INPUT DATA below:

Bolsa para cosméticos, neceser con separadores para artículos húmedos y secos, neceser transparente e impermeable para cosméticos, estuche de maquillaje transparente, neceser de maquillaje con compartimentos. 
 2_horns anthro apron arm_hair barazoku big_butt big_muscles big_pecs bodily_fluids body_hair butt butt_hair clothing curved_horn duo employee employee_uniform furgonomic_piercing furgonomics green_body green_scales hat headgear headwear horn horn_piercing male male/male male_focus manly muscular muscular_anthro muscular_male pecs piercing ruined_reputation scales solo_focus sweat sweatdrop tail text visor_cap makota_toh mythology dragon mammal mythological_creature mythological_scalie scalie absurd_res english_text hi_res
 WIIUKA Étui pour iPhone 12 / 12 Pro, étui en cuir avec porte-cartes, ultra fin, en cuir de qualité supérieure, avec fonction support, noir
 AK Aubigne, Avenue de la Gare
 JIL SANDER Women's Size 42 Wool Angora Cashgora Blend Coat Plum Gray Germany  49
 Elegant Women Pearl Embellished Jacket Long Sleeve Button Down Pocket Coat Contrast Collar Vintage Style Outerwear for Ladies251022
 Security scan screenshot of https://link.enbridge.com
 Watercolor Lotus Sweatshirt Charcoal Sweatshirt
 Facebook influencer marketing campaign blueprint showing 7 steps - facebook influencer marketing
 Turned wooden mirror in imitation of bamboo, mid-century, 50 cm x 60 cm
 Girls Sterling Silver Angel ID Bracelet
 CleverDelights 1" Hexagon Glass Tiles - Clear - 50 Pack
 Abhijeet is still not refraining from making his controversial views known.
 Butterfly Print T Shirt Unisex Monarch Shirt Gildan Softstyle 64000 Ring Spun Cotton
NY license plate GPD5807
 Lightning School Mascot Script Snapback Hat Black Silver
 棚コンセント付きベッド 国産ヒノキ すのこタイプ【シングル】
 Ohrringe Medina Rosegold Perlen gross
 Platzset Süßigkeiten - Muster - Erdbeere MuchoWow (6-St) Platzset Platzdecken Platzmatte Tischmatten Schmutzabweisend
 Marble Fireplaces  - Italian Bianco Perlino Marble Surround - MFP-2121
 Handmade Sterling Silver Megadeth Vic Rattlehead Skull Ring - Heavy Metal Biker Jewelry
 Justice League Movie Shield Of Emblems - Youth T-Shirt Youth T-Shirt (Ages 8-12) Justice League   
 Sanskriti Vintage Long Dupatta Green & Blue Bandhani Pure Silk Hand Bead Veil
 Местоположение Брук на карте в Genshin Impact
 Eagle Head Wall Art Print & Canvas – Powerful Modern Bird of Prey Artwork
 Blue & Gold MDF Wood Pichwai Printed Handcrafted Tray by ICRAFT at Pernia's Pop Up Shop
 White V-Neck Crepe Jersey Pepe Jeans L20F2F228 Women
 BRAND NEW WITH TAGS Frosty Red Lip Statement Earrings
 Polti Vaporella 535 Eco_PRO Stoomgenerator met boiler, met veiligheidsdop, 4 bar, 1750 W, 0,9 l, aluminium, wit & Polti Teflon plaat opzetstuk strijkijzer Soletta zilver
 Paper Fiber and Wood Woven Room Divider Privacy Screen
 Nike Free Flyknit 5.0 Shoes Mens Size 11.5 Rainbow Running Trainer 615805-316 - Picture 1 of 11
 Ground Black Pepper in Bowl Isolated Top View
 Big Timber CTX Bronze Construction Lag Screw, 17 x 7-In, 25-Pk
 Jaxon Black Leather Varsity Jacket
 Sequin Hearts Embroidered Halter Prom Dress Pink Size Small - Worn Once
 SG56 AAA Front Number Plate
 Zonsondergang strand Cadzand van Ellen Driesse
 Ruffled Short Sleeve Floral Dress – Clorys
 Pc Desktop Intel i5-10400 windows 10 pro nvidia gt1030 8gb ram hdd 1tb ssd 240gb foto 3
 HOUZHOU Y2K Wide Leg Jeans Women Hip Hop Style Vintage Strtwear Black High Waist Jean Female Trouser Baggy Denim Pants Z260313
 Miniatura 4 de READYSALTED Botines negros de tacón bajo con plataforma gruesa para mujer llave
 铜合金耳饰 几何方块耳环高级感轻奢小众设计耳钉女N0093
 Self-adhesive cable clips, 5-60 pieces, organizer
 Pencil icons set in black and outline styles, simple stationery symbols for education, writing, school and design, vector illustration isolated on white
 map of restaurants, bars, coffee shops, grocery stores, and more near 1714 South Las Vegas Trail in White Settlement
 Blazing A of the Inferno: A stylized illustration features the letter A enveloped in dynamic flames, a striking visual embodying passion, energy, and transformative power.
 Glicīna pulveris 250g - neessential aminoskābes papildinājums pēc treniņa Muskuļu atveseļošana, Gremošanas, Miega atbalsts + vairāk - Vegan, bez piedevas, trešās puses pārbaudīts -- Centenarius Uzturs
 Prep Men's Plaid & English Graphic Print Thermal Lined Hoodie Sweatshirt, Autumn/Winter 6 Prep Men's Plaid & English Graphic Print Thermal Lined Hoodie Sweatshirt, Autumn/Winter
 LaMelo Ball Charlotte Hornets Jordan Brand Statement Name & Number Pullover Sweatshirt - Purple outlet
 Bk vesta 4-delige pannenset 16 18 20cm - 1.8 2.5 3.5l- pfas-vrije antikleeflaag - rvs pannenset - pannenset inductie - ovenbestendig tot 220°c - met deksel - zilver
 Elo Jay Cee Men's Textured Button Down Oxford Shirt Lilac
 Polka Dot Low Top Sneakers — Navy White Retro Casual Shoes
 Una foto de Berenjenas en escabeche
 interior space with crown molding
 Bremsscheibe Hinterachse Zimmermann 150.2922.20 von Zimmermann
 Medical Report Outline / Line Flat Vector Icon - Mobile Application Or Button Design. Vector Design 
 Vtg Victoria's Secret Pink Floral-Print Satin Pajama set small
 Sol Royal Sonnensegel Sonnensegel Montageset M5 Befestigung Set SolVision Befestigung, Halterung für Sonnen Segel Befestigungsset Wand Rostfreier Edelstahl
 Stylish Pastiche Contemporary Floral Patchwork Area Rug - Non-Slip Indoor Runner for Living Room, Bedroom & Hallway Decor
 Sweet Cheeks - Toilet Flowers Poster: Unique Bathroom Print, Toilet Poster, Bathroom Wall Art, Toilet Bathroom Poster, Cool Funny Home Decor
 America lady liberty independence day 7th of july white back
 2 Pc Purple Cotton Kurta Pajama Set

End of INPUT DATA.

ASSIGNMENT: Retype the data in full and match it exactly.

WRITTEN RESPONSE:
Bolsa para cosméticos, neceser con separadores para artículos húmedos y secos, neceser transparente e impermeable para cosméticos, estuche de maquillaje transparente, neceser de maquillaje con compartimentos. 
 2_horns anthro apron arm_hair barazoku big_butt big_muscles big_pecs bodily_fluids body_hair butt butt_hair clothing curved_horn duo employee employee_uniform furgonomic_piercing furgonomics green_body green_scales hat headgear headwear horn horn_piercing male male/male male_focus manly muscular muscular_anthro muscular_male pecs piercing ruined_reputation scales solo_focus sweat sweatdrop tail text visor_cap makota_toh mythology dragon mammal mythological_creature mythological_scalie scalie absurd_res english_text hi_res
 WIIUKA Étui pour iPhone 12 / 12 Pro, étui en cuir avec porte-cartes, ultra fin, en cuir de qualité supérieure, avec fonction support, noir
 AK Aubigne, Avenue de la Gare
 JIL SANDER Women's Size 42 Wool Angora Cashgora Blend Coat Plum Gray Germany  49
 Elegant Women Pearl Embellished Jacket Long Sleeve Button Down Pocket Coat Contrast Collar Vintage Style Outerwear for Ladies251022
 Security scan screenshot of https://link.enbridge.com
 Watercolor Lotus Sweatshirt Charcoal Sweatshirt
 Facebook influencer marketing campaign blueprint showing 7 steps - facebook influencer marketing
 Turned wooden mirror in imitation of bamboo, mid-century, 50 cm x 60 cm
 Girls Sterling Silver Angel ID Bracelet
 CleverDelights 1" Hexagon Glass Tiles - Clear - 50 Pack
 Abhijeet is still not refraining from making his controversial views known.
 Butterfly Print T Shirt Unisex Monarch Shirt Gildan Softstyle 64000 Ring Spun Cotton
NY license plate GPD5807
 Lightning School Mascot Script Snapback Hat Black Silver
 棚コンセント付きベッド 国産ヒノキ すのこタイプ【シングル】
 Ohrringe Medina Rosegold Perlen gross
 Platzset Süßigkeiten - Muster - Erdbeere MuchoWow (6-St) Platzset Platzdecken Platzmatte Tischmatten Schmutzabweisend
 Marble Fireplaces  - Italian Bianco Perlino Marble Surround - MFP-2121
 Handmade Sterling Silver Megadeth Vic Rattlehead Skull Ring - Heavy Metal Biker Jewelry
 Justice League Movie Shield Of Emblems - Youth T-Shirt Youth T-Shirt (Ages 8-12) Justice League   
 Sanskriti Vintage Long Dupatta Green & Blue Bandhani Pure Silk Hand Bead Veil
 Местоположение Брук на карте в Genshin Impact
 Eagle Head Wall Art Print & Canvas – Powerful Modern Bird of Prey Artwork
 Blue & Gold MDF Wood Pichwai Printed Handcrafted Tray by ICRAFT at Pernia's Pop Up Shop
 White V-Neck Crepe Jersey Pepe Jeans L20F2F228 Women
 BRAND NEW WITH TAGS Frosty Red Lip Statement Earrings
 Polti Vaporella 535 Eco_PRO Stoomgenerator met boiler, met veiligheidsdop, 4 bar, 1750 W, 0,9 l, aluminium, wit & Polti Teflon plaat opzetstuk strijkijzer Soletta zilver
 Paper Fiber and Wood Woven Room Divider Privacy Screen
 Nike Free Flyknit 5.0 Shoes Mens Size 11.5 Rainbow Running Trainer 615805-316 - Picture 1 of 11
 Ground Black Pepper in Bowl Isolated Top View
 Big Timber CTX Bronze Construction Lag Screw, 17 x 7-In, 25-Pk
 Jaxon Black Leather Varsity Jacket
 Sequin Hearts Embroidered Halter Prom Dress Pink Size Small - Worn Once
 SG56 AAA Front Number Plate
 Zonsondergang strand Cadzand van Ellen Driesse
 Ruffled Short Sleeve Floral Dress – Clorys
 Pc Desktop Intel i5-10400 windows 10 pro nvidia gt1030 8gb ram hdd 1tb ssd 240gb foto 3
 HOUZHOU Y2K Wide Leg Jeans Women Hip Hop Style Vintage Strtwear Black High Waist Jean Female Trouser Baggy Denim Pants Z260313
 Miniatura 4 de READYSALTED Botines negros de tacón bajo con plataforma gruesa para mujer llave
 铜合金耳饰 几何方块耳环高级感轻奢小众设计耳钉女N0093
 Self-adhesive cable clips, 5-60 pieces, organizer
 Pencil icons set in black and outline styles, simple stationery symbols for education, writing, school and design, vector illustration isolated on white
 map of restaurants, bars, coffee shops, grocery stores, and more near 1714 South Las Vegas Trail in White Settlement
 Blazing A of the Inferno: A stylized illustration features the letter A enveloped in dynamic flames, a striking visual embodying passion, energy, and transformative power.
 Glicīna pulveris 250g - neessential aminoskābes papildinājums pēc treniņa Muskuļu atveseļošana, Gremošanas, Miega atbalsts + vairāk - Vegan, bez piedevas, trešās puses pārbaudīts -- Centenarius Uzturs
 Prep Men's Plaid & English Graphic Print Thermal Lined Hoodie Sweatshirt, Autumn/Winter 6 Prep Men's Plaid & English Graphic Print Thermal Lined Hoodie Sweatshirt, Autumn/Winter
 LaMelo Ball Charlotte Hornets Jordan Brand Statement Name & Number Pullover Sweatshirt - Purple outlet
 Bk vesta 4-delige pannenset 16 18 20cm - 1.8 2.5 3.5l- pfas-vrije antikleeflaag - rvs pannenset - pannenset inductie - ovenbestendig tot 220°c - met deksel - zilver
 Elo Jay Cee Men's Textured Button Down Oxford Shirt Lilac
 Polka Dot Low Top Sneakers — Navy White Retro Casual Shoes
 Una foto de Berenjenas en escabeche
 interior space with crown molding
 Bremsscheibe Hinterachse Zimmermann 150.2922.20 von Zimmermann
 Medical Report Outline / Line Flat Vector Icon - Mobile Application Or Button Design. Vector Design 
 Vtg Victoria's Secret Pink Floral-Print Satin Pajama set small
 Sol Royal Sonnensegel Sonnensegel Montageset M5 Befestigung Set SolVision Befestigung, Halterung für Sonnen Segel Befestigungsset Wand Rostfreier Edelstahl
 Stylish Pastiche Contemporary Floral Patchwork Area Rug - Non-Slip Indoor Runner for Living Room, Bedroom & Hallway Decor
 Sweet Cheeks - Toilet Flowers Poster: Unique Bathroom Print, Toilet Poster, Bathroom Wall Art, Toilet Bathroom Poster, Cool Funny Home Decor
 America lady liberty independence day 7th of july white back
 2 Pc Purple Cotton Kurta Pajama Set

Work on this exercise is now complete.